Bäuerinnen sind das Rückgrat der Landwirtschaft, Dreh- und Angelpunkt zwischen Familie und Betrieb. Sie gestalten bäuerliche Tradition und Brauchtum und geben das weiter, was sich über Jahrhunderte bewährt hat – von der Lebensweise, den Werten bis hin zum Verantwortungsgefühl gegenüber unseren Lebensgrundlagen. Vor allem aber sorgen die Bäuerinnen für gemeinschaftlichen Zusammenhalt im ländlichen Raum, und zwar durch ihr soziales Engagement und ihren vielfältigen Einsatz in der Freiwilligenarbeit.

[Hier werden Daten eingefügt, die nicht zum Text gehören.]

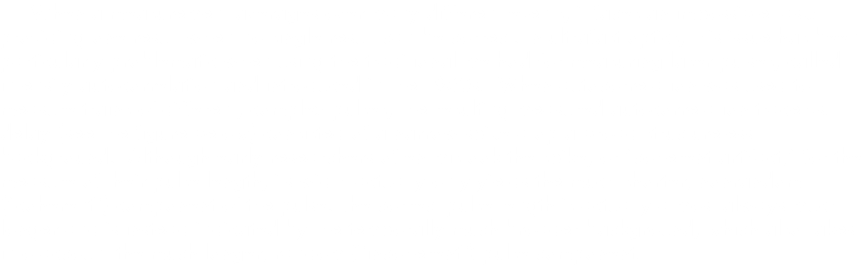&nbsp;When a measurement averages over many different events, it faces an impossible task: providing one result when no single result can be correct. In ultrafast optics, this issue has been particularly problematic when using the traditional method for measuring laser pulses, called intensity autocorrelation and introduced in the 1960s. When autocorrelation was used to measure trains of different, complex pulses, the resulting measured autocorrelation trace vs. delay (see the figure below) consisted of a narrow spike atop a broad structureless background. Although early researchers often mistook the spike, or "coherent artifact," for the measure of their pulse length, its width actually only yields the much shorter, nonrandom ("coherent") component of the pulse. The correct pulse length is actually almost always much longer and is instead indicated by the temporally much broader background, which also takes into account the much longer, random ("incoherent") pulse component.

Wie kann man den Stellenwert der Frauen im Bauernstand und in der Gesellschaft weiter stärken?

Der Stellenwert der Frau im Bauernstand ist mittlerweile zum Glück gefestigt. Es wird sehr wohl gesehen, dass dort, wo eine Frau am Hof ist, auch Leben ist. Die Bereiche Direktvermarktung und Urlaub auf dem Bauernhof gehen oftmals auf das Engagement der Bäuerinnen zurück. Wie man die Landwirtschaft für Frauen attraktiver gestalten kann, hängt auch von den Möglichkeiten ab, die sie am Hof erhält, und natürlich was jede einzelne Frau daraus macht. Wichtig ist, dass die Bäuerinnen aktiv sind und im Gespräch bleiben. Und wir als Organisation Unter­stützung und eine gute Öffentlichkeitsarbeit leisten.

Um erfolgreich und gut zu führen ist mir wichtig …

… mit allen Funktionärinnen auf gleicher Augenhöhe zu sein, verschiedene Meinungen und Ideen zuzulassen und gemeinsam an deren Umsetzung zu arbeiten.

Das Schönste an Ihrer Arbeit ist …

Als Landesbäuerin sind es die Begegnungen mit den vielen unterschiedlichen Bäuerinnen im ganzen Land und die gegenseitige Wertschätzung. Als Bäuerin in meinem Betrieb ist es die Vereinbarkeit von Familie und Beruf und das Arbeiten in meinem Garten, wenn alles so schön blüht und wächst. Auch das Verkaufen unserer Produkte auf den Märkten und der Kontakt mit den Menschen bereiten mir eine große Freude.

Antonia Egger Mair

ist Jahrgang 1961 und stammt aus Bozen. Die ehemalige Lehrerin betreibt heute mit ihrem Mann den Obermaurerhof in Jenesien, der sich auf den Anbau und Direkt­vermarktung von Gemüse spezialisiert hat. Die Bäuerin ist seit 1994 Funktionärin in der SBO, war 12 Jahre lang als Orts­bäuerin von Jenesien und ab 2011 als Bezirksbäuerin von Bozen tätig. Im März 2019 wurde sie zur Landesbäuerin der Südtiroler Bäuerinnenorganisation gewählt.

 


SÜDTIROLER BÄUERINNEN­ORGANISATION

Die Südtiroler Bäuerinnenorganisation (SBO) wurde 1981 gegründet und ist die größte Frauenorganisation im Land. Die über 16.000 Mitglieder sind in 154 Ortsgruppen und sechs Bezirken landesweit organisiert. Ziel der SBO ist es, die Stellung der Bäuerin im gesellschaftlichen und beruflichen Leben zu fördern und ihre sozialen, wirtschaftlichen und politischen Interessen zu vertreten.